[Dataset records]

______________________________

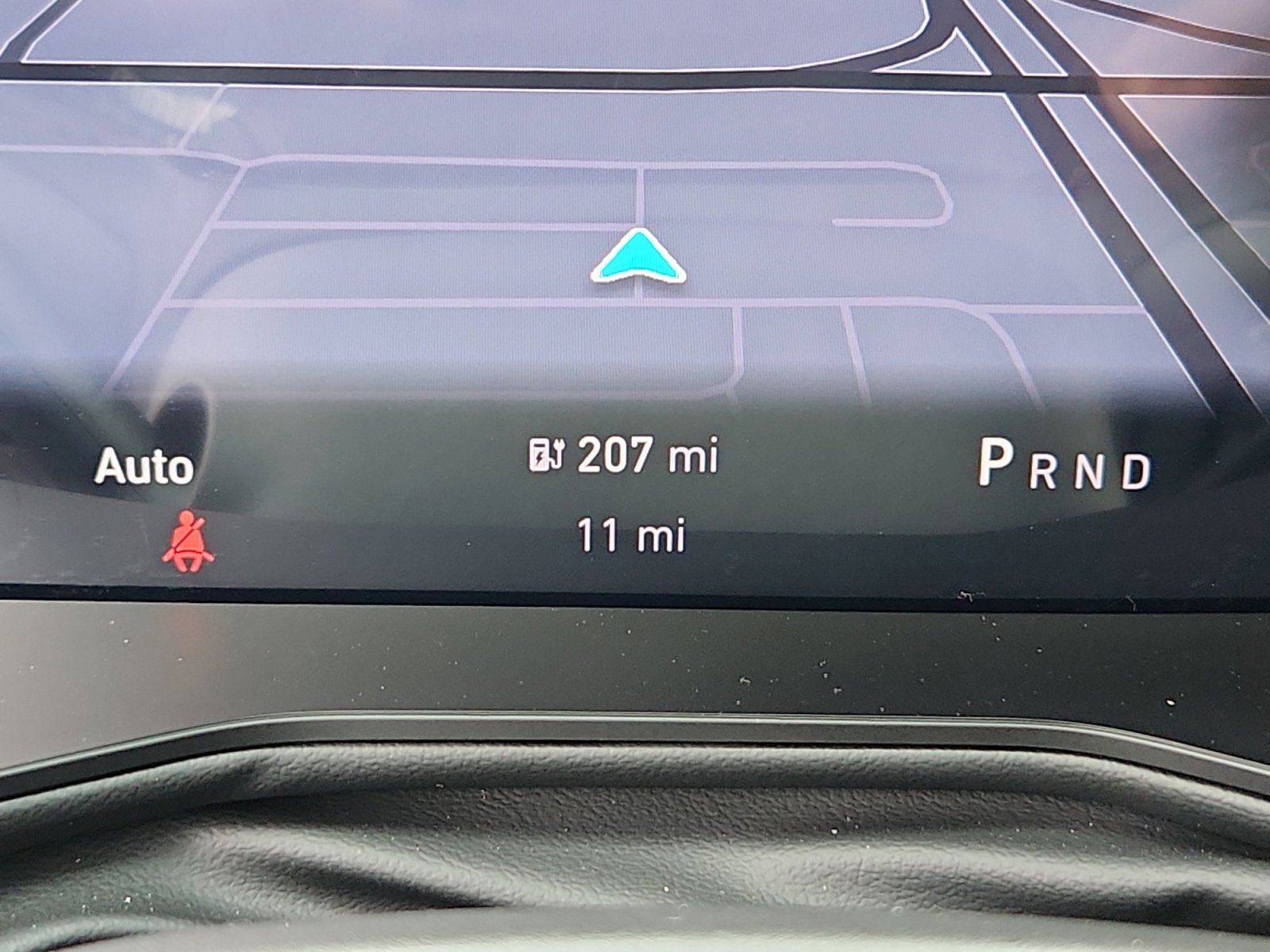 New 2025 Jeep Wagoneer S Limited image 11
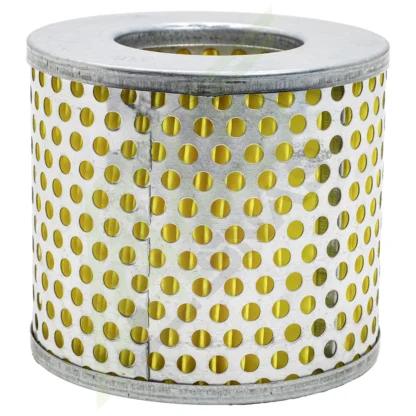 Фильтр 30мкр Gilbarco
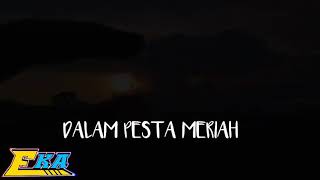 Story wa terbaru versi Sunset | Kopi Lambada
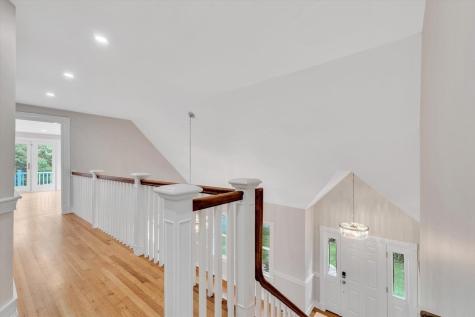 157 Saddler Lane West Barnstable MA 02668
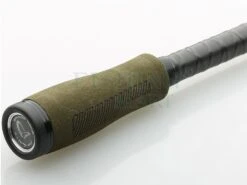 Savage Gear Wędki SG4 TC Finezze Specialist BC -sklep Daiwa wedki sg4 tc finezze specialist bc oo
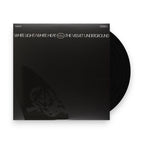 The Velvet Underground – White Light / White Heat (LP Vinyl)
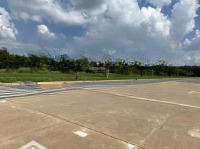 Bán Đất Kho Xưởng Kcn Đức Hòa - Long An. Bán, Chuyển Nhượng Đất 1Ha Đến 60Ha Hoặc Bán 100% Kcn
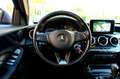 Mercedes-Benz C 180 Estate CDI Lease Edition Navi|LED|Clima|LMV Gris - thumbnail 6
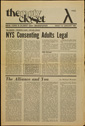 front page thumbnail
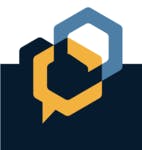 Ontwikkelplanner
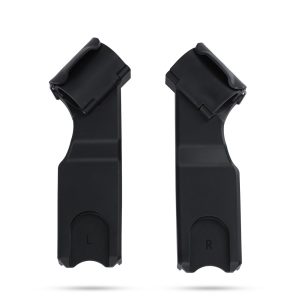 ADAPTORI CARUCIOR KINDERKRAFT MITZY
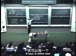 麻省理工公开课中出现b bit的视频截图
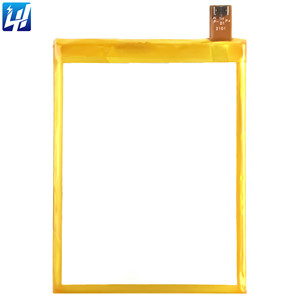 Batterie interne per cellulari LIS1579ERPC 3.8V 2930mAh per <span class=keywords><strong>Sony</strong></span> Z4 Dual E5506 E5553 <span class=keywords><strong>Z3</strong></span> PLUS <span class=keywords><strong>Z3</strong></span>+ Dual E6553 C5 Ultra Dual - Product Image 2
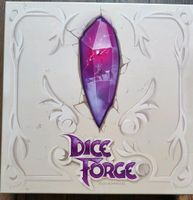 Brettspiel - DICE FORGE Rheinland-Pfalz - Kettig Vorschau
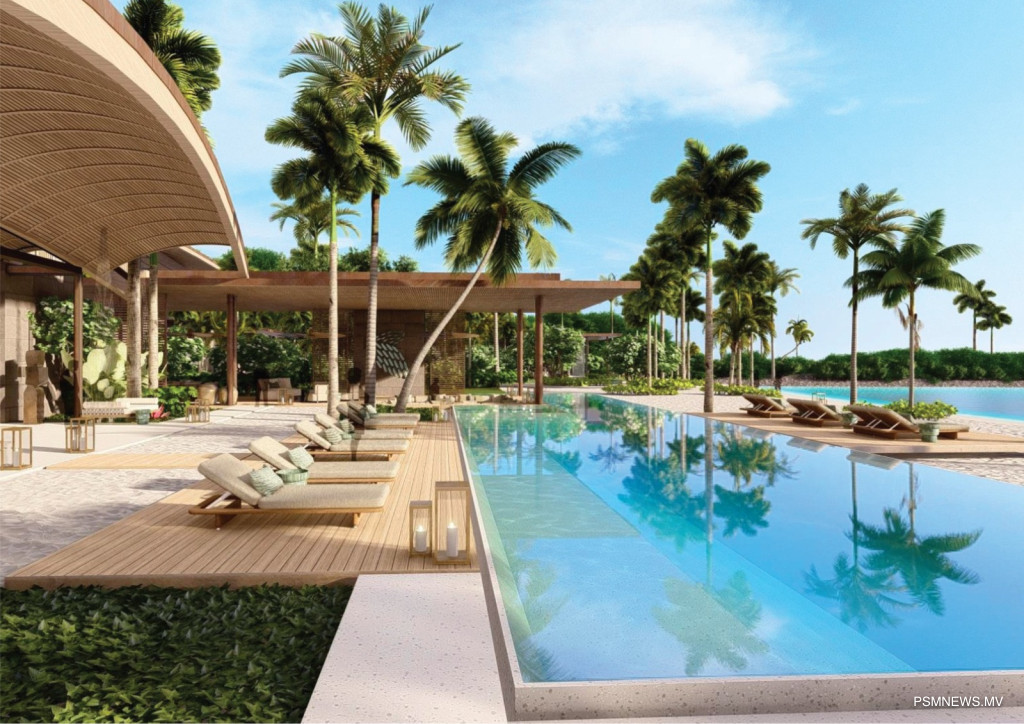 ސަސްޓެއިނަބަލް ޓައުންޝިޕް، އިޤްތިޞާދީ ފުދުންތެރިކަން ލިބިފައިވާ ރަށްތަކެއް!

______________________________

## Work item
Word for word, restate the lines from the line containing "Mercedes-Benz C 180" through the end of the data, including the first and last of them. Pictures stay out.

## Result of this task
 Mercedes-Benz C 180 Estate CDI Lease Edition Navi|LED|Clima|LMV Gris - thumbnail 6
 front page thumbnail
 Ontwikkelplanner
 ADAPTORI CARUCIOR KINDERKRAFT MITZY
 麻省理工公开课中出现b bit的视频截图
 Batterie interne per cellulari LIS1579ERPC 3.8V 2930mAh per <span class=keywords><strong>Sony</strong></span> Z4 Dual E5506 E5553 <span class=keywords><strong>Z3</strong></span> PLUS <span class=keywords><strong>Z3</strong></span>+ Dual E6553 C5 Ultra Dual - Product Image 2
 Brettspiel - DICE FORGE Rheinland-Pfalz - Kettig Vorschau
 ސަސްޓެއިނަބަލް ޓައުންޝިޕް، އިޤްތިޞާދީ ފުދުންތެރިކަން ލިބިފައިވާ ރަށްތަކެއް!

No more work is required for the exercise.